▶ **What is needed**
Go through the data below and copy each line where the word "Wrap" occurs.

Supplied material: Begin

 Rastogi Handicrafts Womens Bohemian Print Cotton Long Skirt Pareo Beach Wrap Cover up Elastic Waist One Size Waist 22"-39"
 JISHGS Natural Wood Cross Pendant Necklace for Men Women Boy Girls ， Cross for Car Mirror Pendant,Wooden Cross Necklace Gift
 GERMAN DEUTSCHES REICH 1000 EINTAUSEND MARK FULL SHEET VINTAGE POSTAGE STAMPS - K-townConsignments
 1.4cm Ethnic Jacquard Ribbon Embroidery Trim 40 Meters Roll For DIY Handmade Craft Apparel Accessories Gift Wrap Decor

Supplied material: End
Supplied material: Begin

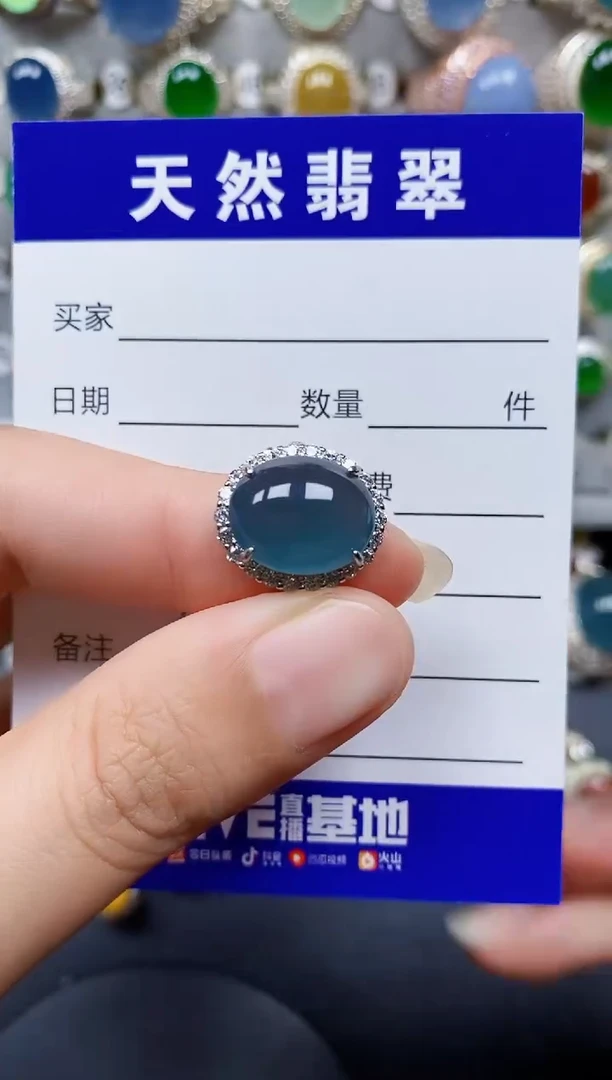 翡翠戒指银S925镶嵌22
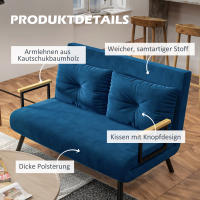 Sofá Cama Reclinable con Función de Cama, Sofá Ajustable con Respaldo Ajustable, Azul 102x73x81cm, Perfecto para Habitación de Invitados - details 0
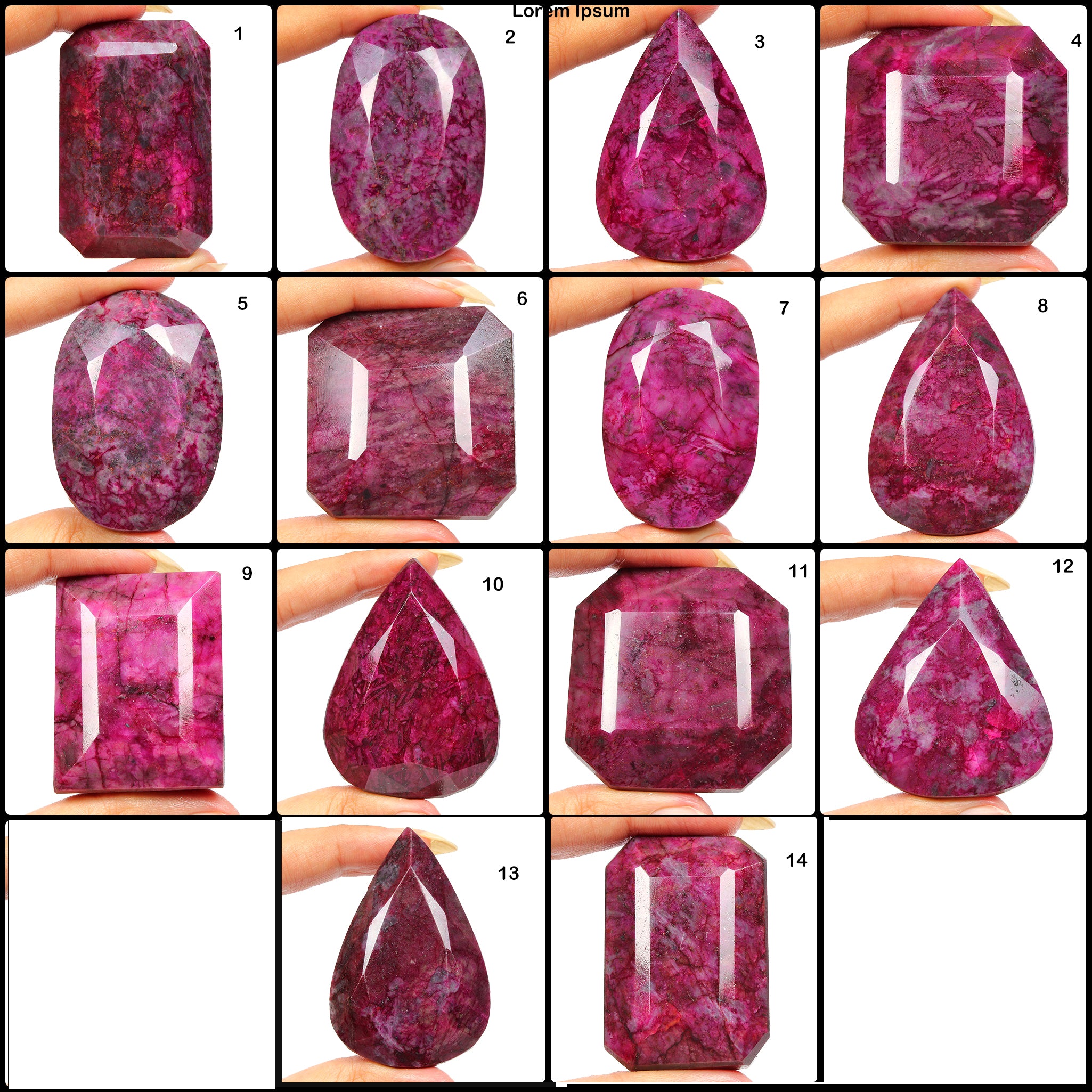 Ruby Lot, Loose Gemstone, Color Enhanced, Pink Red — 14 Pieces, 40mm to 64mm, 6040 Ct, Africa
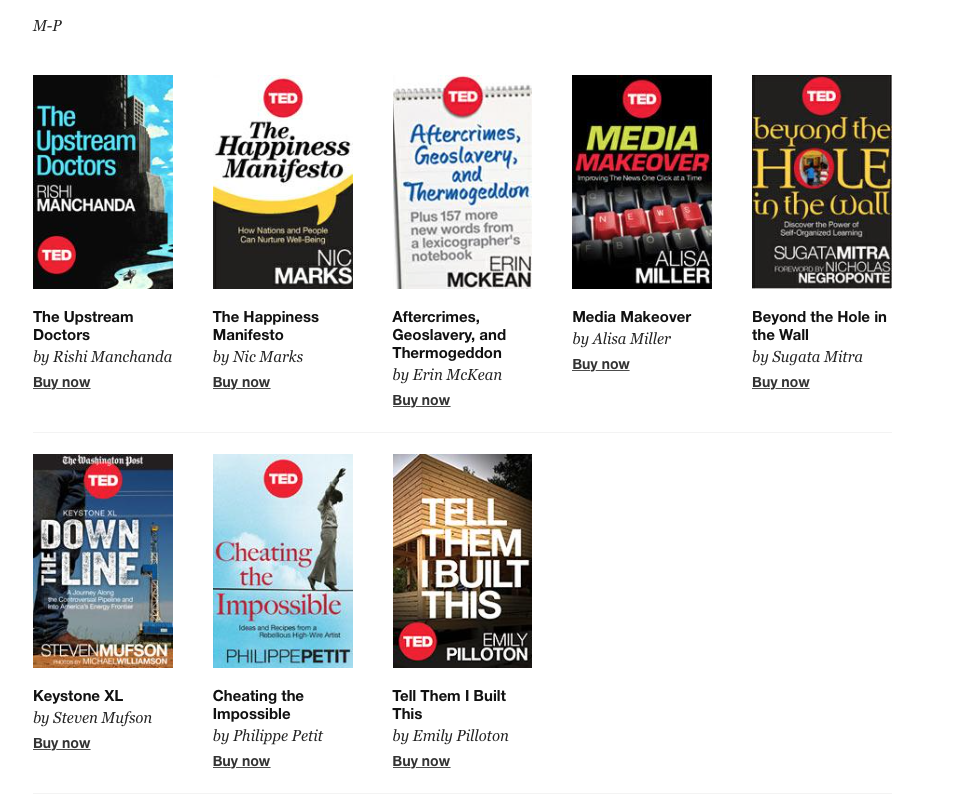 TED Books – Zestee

Supplied material: End

▶ **Answer to this problem**
 Rastogi Handicrafts Womens Bohemian Print Cotton Long Skirt Pareo Beach Wrap Cover up Elastic Waist One Size Waist 22"-39"
 1.4cm Ethnic Jacquard Ribbon Embroidery Trim 40 Meters Roll For DIY Handmade Craft Apparel Accessories Gift Wrap Decor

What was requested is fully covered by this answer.